When they had finished everything required by the law of the Lord, they returned to Galilee, to their own town of Nazareth. 40 The child grew and became strong, filled with wisdom; and the favor of God was upon him. (Luke 2:39-40)
My word for this year (see my ROSEBUD resolution challenge in this space) is Perspective. Thinking about lost perspective. Gaining perspective. Changing perspective.
If you are someone who engages with the liturgy of the Church calendar, you will know that following the Advent of the Christmas season, we celebrate the 12 days of Epiphany, beginning on December 25th and ending on January 6th. This celebrates the in-betweeness of Christ’s birth, the culmination of our waiting during Advent, and those who personally discover and encounter the Christ child.
In the liturgical sense epiphany is about the “manifestation” of God into the world. Christ being declared as God incarnate. In the popular sense of the word it also carries the meaning of a revelation or a sudden burst of knowledge. God being made known through the coming of the Christ child. To encounter Christ is to experience the ultimate shift in perspective. The sort of shift in perspective that looks to turn our world, my world, upside down.
At my Church this past Sunday we talked about the time after Epiphany. It is known as the Ordinary time. A time when we begin to settle in and gain perspective. A time when we begin that slow walk with Christ from baby to boy to the ministry of the Cross that awaits us at the end of this long and winding road of seeing Christ manifest Himself in the everyday, ordinary routine of life.
A time when those resolutions have a chance to sink in and take root.
We reflected on Christ as child become boy last Sunday. We engaged in the imaginative process of what it would have been like for that boy to grow into a man. The years that scripture remains quiet on. And we settled in on that phrase, a phrase which is repeated twice in 2:40, and 2:52- the child grew and became strong, filled with wisdom; and the favor of God was upon him, with one small caveat. In verse 52 it adds and Jesus increased in divine “and” human favor.

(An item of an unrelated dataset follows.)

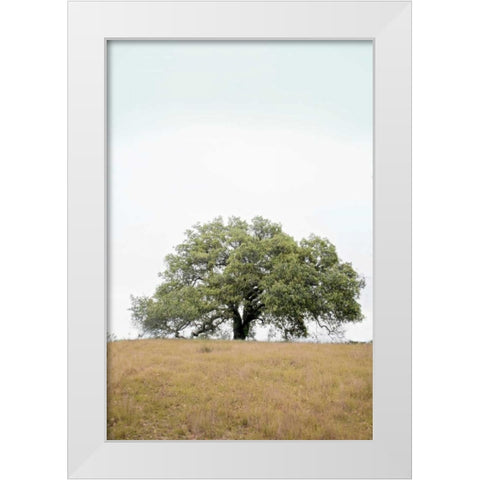 Oak Tree - 73 White Modern Wood Framed Art Print by Blaustein, Alan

If I am to see this ordinary time as the slow walk with Christ, a chance for Jesus to change my perspective, the idea of “growth” becomes central. Not simply physical growth, as in the boy becomes man, but growth in wisdom or knowledge. And not simply knowledge of this world, but knowledge of Christ as the son of God. This is what the Epiphany sets up after all, this slow, breaking through of God into the ordinary. This is what this notion of “the favor of God” is about- increasing in our knowledge that we are known by God.
The way we grow I am certain will look different from one person to the next. But in the spirit of imitating Christ, I was able to pull three things from the context of this child become boy in Luke chapter 2 that help me see God’s favor increase in my own life.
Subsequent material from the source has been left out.